Crawled caption data
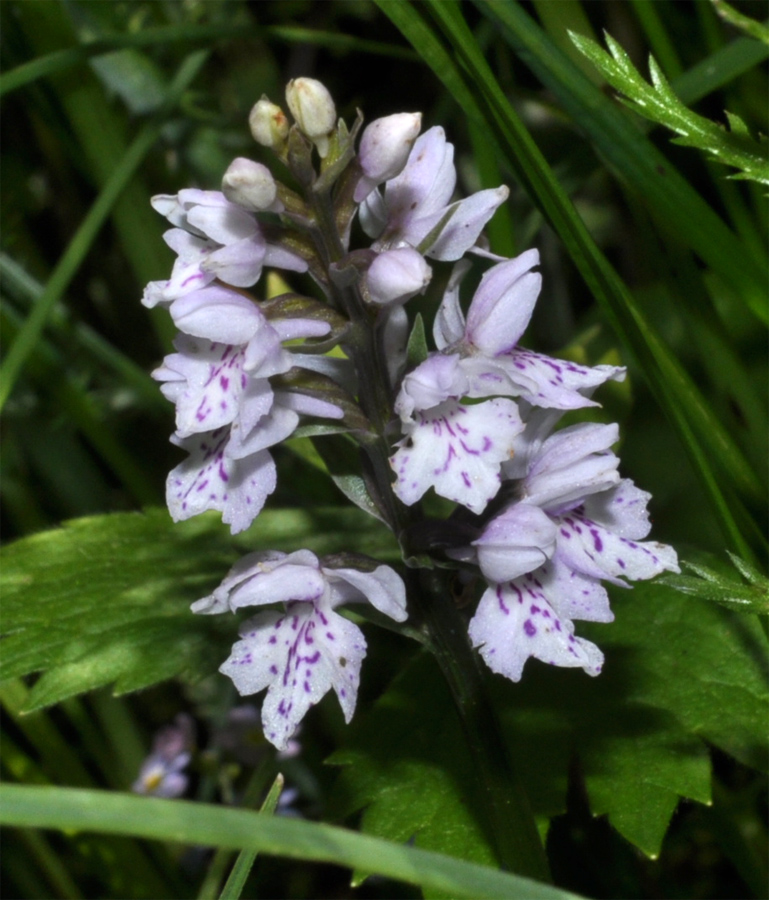 Изображение особи Dactylorhiza fuchsii.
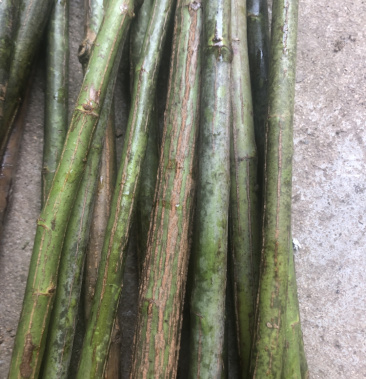 无刺蔷薇杆子嫁接月季专用现在扦插嫁接春天看花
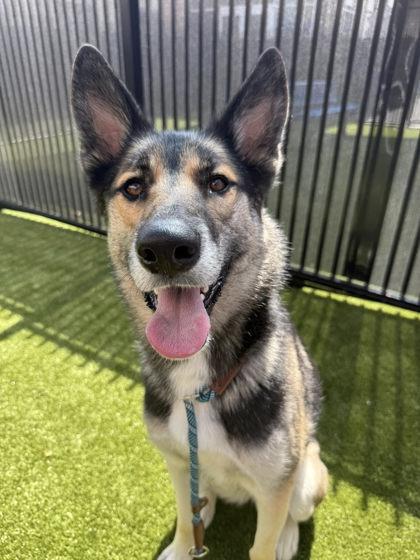 Enlarge Zelda, a Adoptable mixed breed in Roseville, CA image 1/3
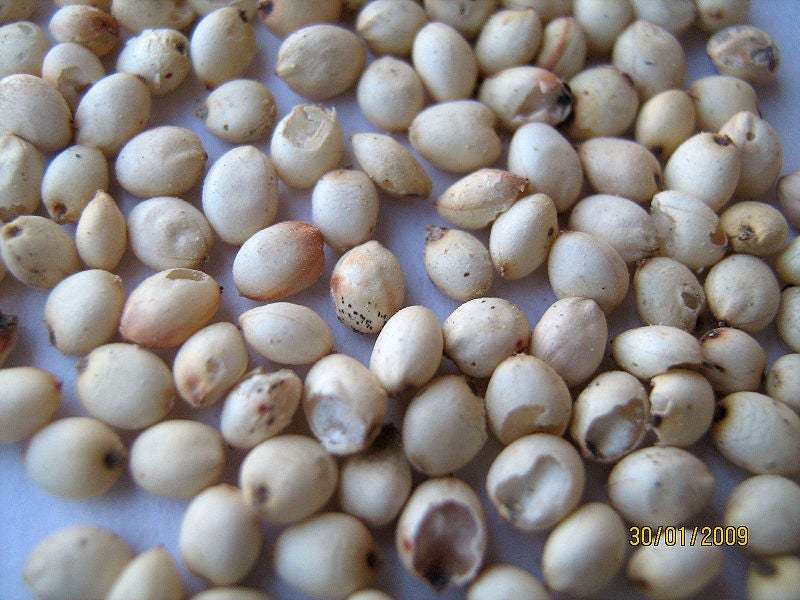 75 WHITE POPPING SORGHUM Bicolor Snack Vegetable Flour Grain Seeds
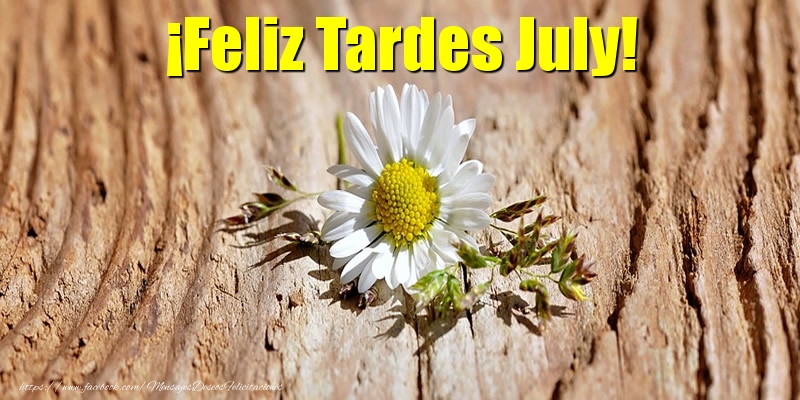 Felicitaciones de buenas tardes - ¡Feliz Tardes July!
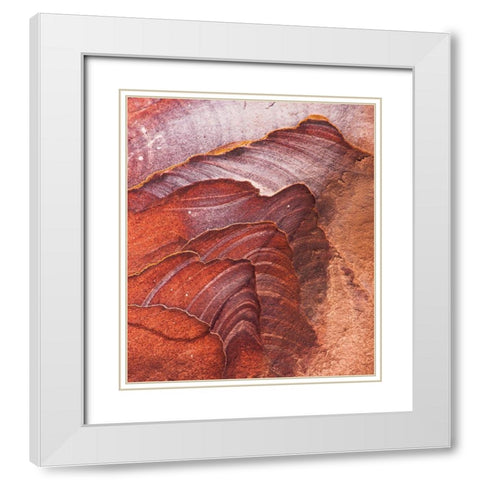 Solar Systems White Modern Wood Framed Art Print with Double Matting by Wrobel, Karsten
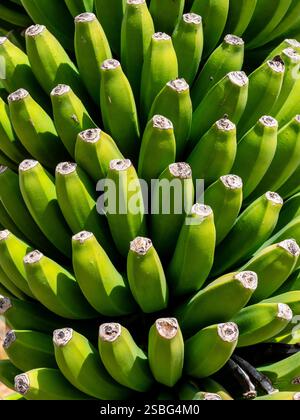 Bananes magnifiquement disposées dans un bananier (Musa acuminata). Prise près de Ponta do sol. Ponta do sol est situé sur la côte ouest de Madère. Banque D'Images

Problem statement. An exact restatement of the lines from the one holding "无刺蔷薇杆子嫁接月季专用现在扦插嫁接春天看花" through the end of the entries, both ends included, is the whole answer. Pictures stay out.

Response area.
 无刺蔷薇杆子嫁接月季专用现在扦插嫁接春天看花
 Enlarge Zelda, a Adoptable mixed breed in Roseville, CA image 1/3
 75 WHITE POPPING SORGHUM Bicolor Snack Vegetable Flour Grain Seeds
 Felicitaciones de buenas tardes - ¡Feliz Tardes July!
 Solar Systems White Modern Wood Framed Art Print with Double Matting by Wrobel, Karsten
 Bananes magnifiquement disposées dans un bananier (Musa acuminata). Prise près de Ponta do sol. Ponta do sol est situé sur la côte ouest de Madère. Banque D'Images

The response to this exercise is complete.